StochasticFrontiers

the purpose of this repository is creating a bear bone structure for further development

Installation

Add StochasticFrontiers from the Pkg REPL, i.e., pkg> add https://github.com/githubjacky/StochasticFrontiers.jl

Models

Cross: basic stochastic frontier models
- with half normal, truncated normal, exponential distribution assumption
PFEWH: Estimating fixed-effect panel stochastic frontier models by model transformation
SNCre: Flexible panel stochastic frontier model with serially correlated errors

Users

To see more usages, please check out the examples/ folser

fit the model

`sfspec`: wrapper for assigning the data and some model specific parameters

examples in examples/Cross_Trun.ipynb

spec = sfspec(
    data      = "data/sampledata.csv", 
    model     = Cross(), 
    type      = Prod(), 
    dist      = Trun(μ = (:age, :school, :yr, :_cons), σᵤ² = (:age, :school, :yr, :_cons)),
    σᵥ²       = :_cons, 
    depvar    = :yvar, 
    frontiers = (:Lland, :PIland, :Llabor, :Lbull, :Lcost, :yr, :_cons)
)

Generally, user should assign the source of data other than your input such as depvar and frontiers are already in matrix form. Some keyword arguments are necessary for all models:

data: optional, path of data
model: sort of model
type: economic assumption, can be either Prod() or Cost()
- Prod: production, alias prod, p
- Cost: cost, alias cost
dist: distribution assumption of inefficiency u, can be Half(), Trun() and Exop()
- Half: Half Normal, alias half
- Trun: Truncated Normal, alias trun
- Expo: Exponential, alias expo
σᵥ²: variance of noise
depvar: dependent variable
frontiwrs: explanantory varialbes
ivar: variable to indicate observations which are from same the individual but different periods, should be assigned in panel model

another examples in examples/SNCre.ipynb

spec = sfspec(
    data       = "data/SNCreData.csv",
    model      = SNCre(), 
    type       = Prod(), 
    dist       = Half(σᵤ² = :_cons), 
    σᵥ²        = :_cons, 
    ivar       = :i, 
    depvar     = :log_y, 
    frontiers  = (:log_x1, :log_x2, :t), 
    serialcorr = AR(1), 
    R          = 250,     # for MSLE of correlated random effect
    σₑ²        = :_cons,  # noise for correlated random effect 
    verbose    = false
)

To see each model's specification, check out the spec in each model's main.jl located in src/models/{ model }/main.jl and model is the argument you should specify.

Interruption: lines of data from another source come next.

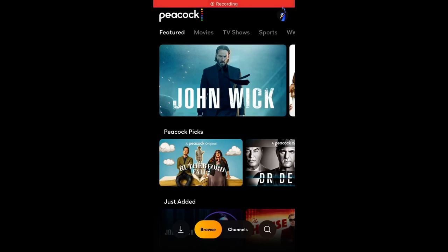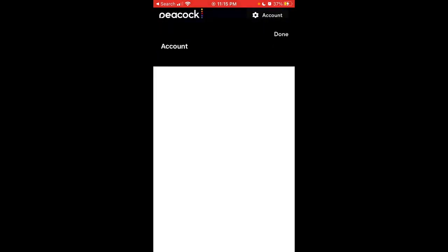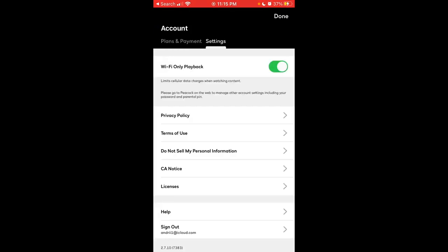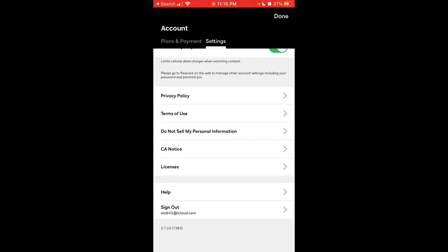Here is Peacock. To log out from your Peacock profile on the mobile app on iPhone, just tap on your profile, tap on account, then go to settings, scroll to the bottom, and here at the bottom you'll see sign out from Peacock.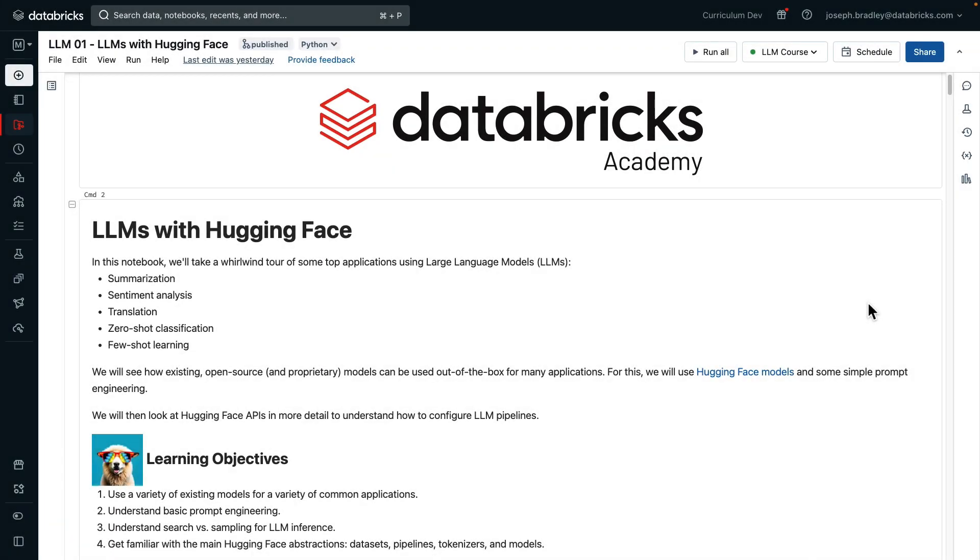Let's get into LLMs with Hugging Face. In this notebook, we're going to take a quick tour of top applications using LLMs. These five here. We'll also focus on existing open source models used out of the box. For this, we'll use Hugging Face Hub and the models it hosts. We'll also do some simple prompt engineering. And then at the end,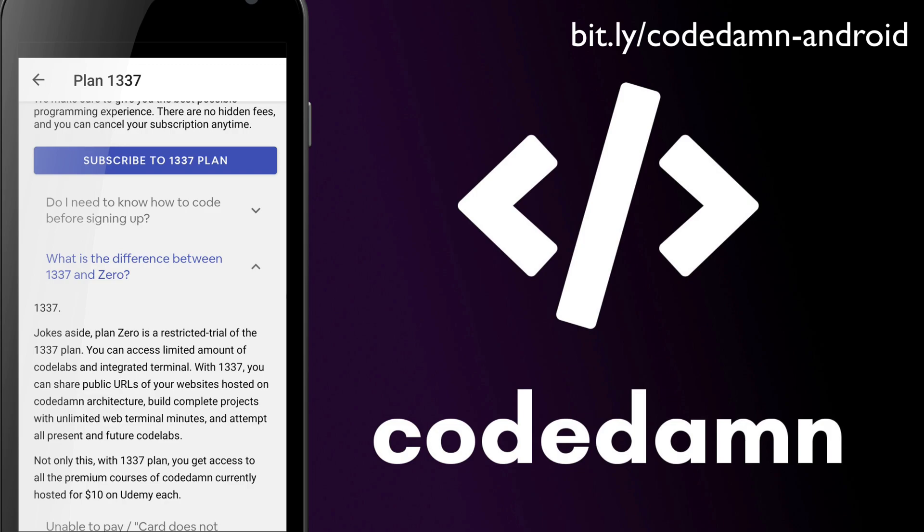Code Damn for YouTube would still remain my go-to channel for posting updates and just rolling out a bunch of tutorials and exciting stuff. But more serious learning and more serious courses would be going on codedam.com. Just like you saw, playgrounds, premium courses.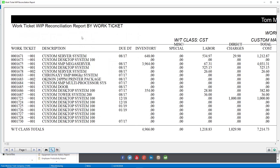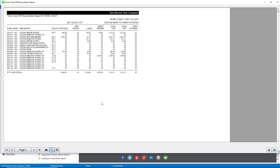Here is the work ticket class — custom manufacturing. The reason they're broken out by class is because the work-in-process account can be different for each work ticket class. Here are your labor costs, direct charges, total costs, and total work in process. This $7,214.73 should agree to the GL.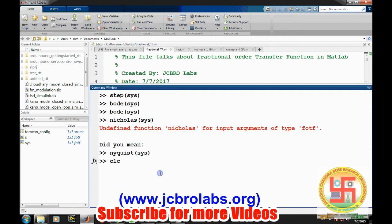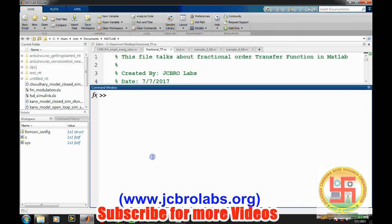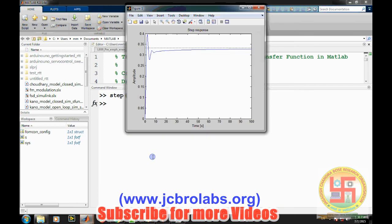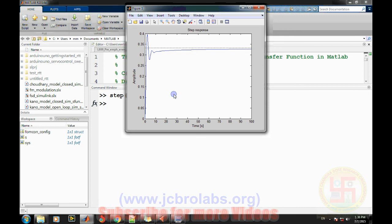Frequency response can also be calculated from the 'bode' command, which returns several values. So all these things — step response, Bode plot, Nyquist plot — can be done using FOMCON. I hope you understand how to define a fractional order transfer function and get frequency and step responses in MATLAB. In the upcoming video, we'll talk about how to design a fractional order PID controller in MATLAB using this toolbox. That's it for this video, thank you.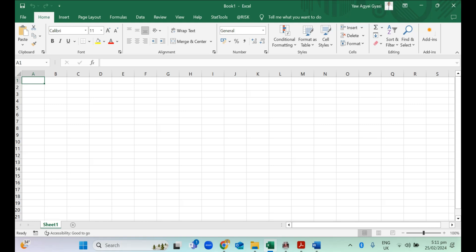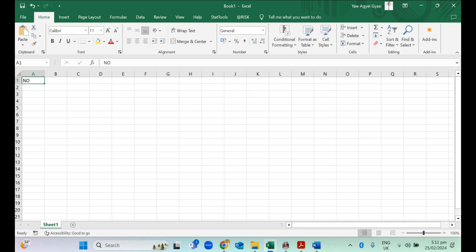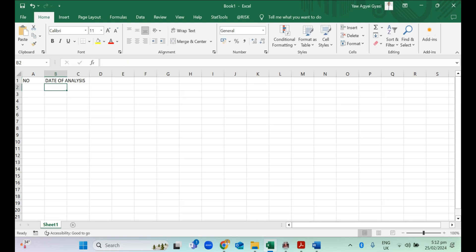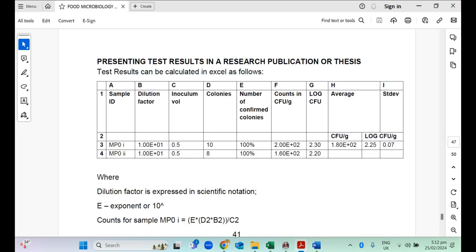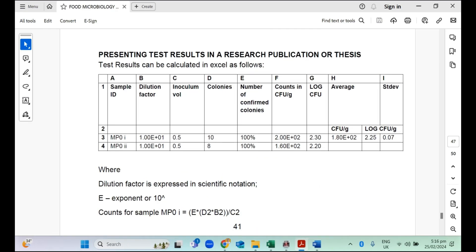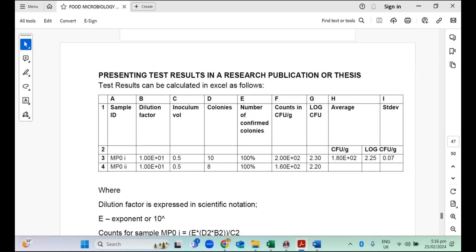This is basically how the results are presented. We are going to take this into Excel and then work on it. In Excel, supposing this is your lab notebook, you would have a number and you have the dates so that whatever experiments you do, you date them, the date of the analysis and you may want to add the date of the results in your lab notebook.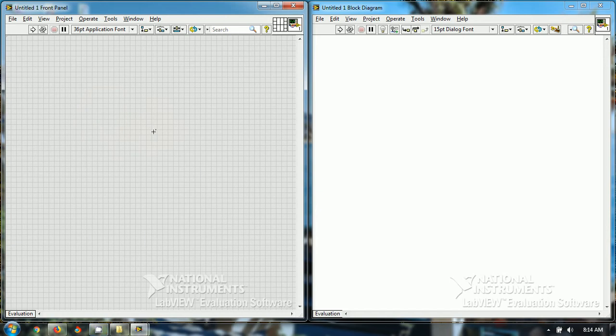Hello friends, in the current video tutorial, I will be teaching how to use mouse enter and mouse leave event in event structure in LabVIEW.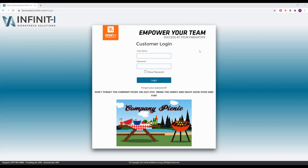To recover your password for the Infinity Workforce system takes a couple simple steps. First and foremost, we need to make sure you are on the correct website. The main Infinity Workforce Solutions website is not designed to help a user recover their password. We need to get you to your corporate site to do that.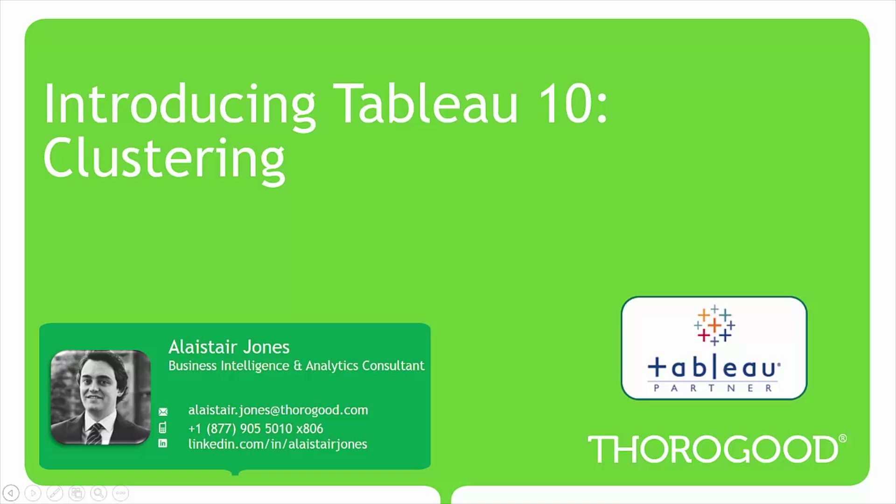Hello and welcome to this installment of the Thurgood Associates web series about Tableau 10. This video will focus on a new feature that ships with Tableau 10: clustering.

`sfopt`: MLE optimization parameters

default options:

options = sfopt(
    warmstart_solver = Optim.NelderMead(),  # to forbidden warmup, set it to be `nothing`
    warmstart_maxIT  = 100,                 # maximum iterations for warmup optimiazation
    main_solver      = Optim.Newton(),      # main solver, default to `Optim.Newton()`
    main_maxIT,      = 2000,                # maximum iterations for main optimiazation
    tolerance        = 1e-8,                # converge if gradient < `tolerance`
    show_trace       = false,               # wheter to show the trace of the main optimiazation
    verbose          = true,                # wheter to print out messages or estimation results
    table_format     = :text                # format for output estimation results
)

`sfinit`: initial points

The initial points can be assigned in two ways, assigning all or block by block.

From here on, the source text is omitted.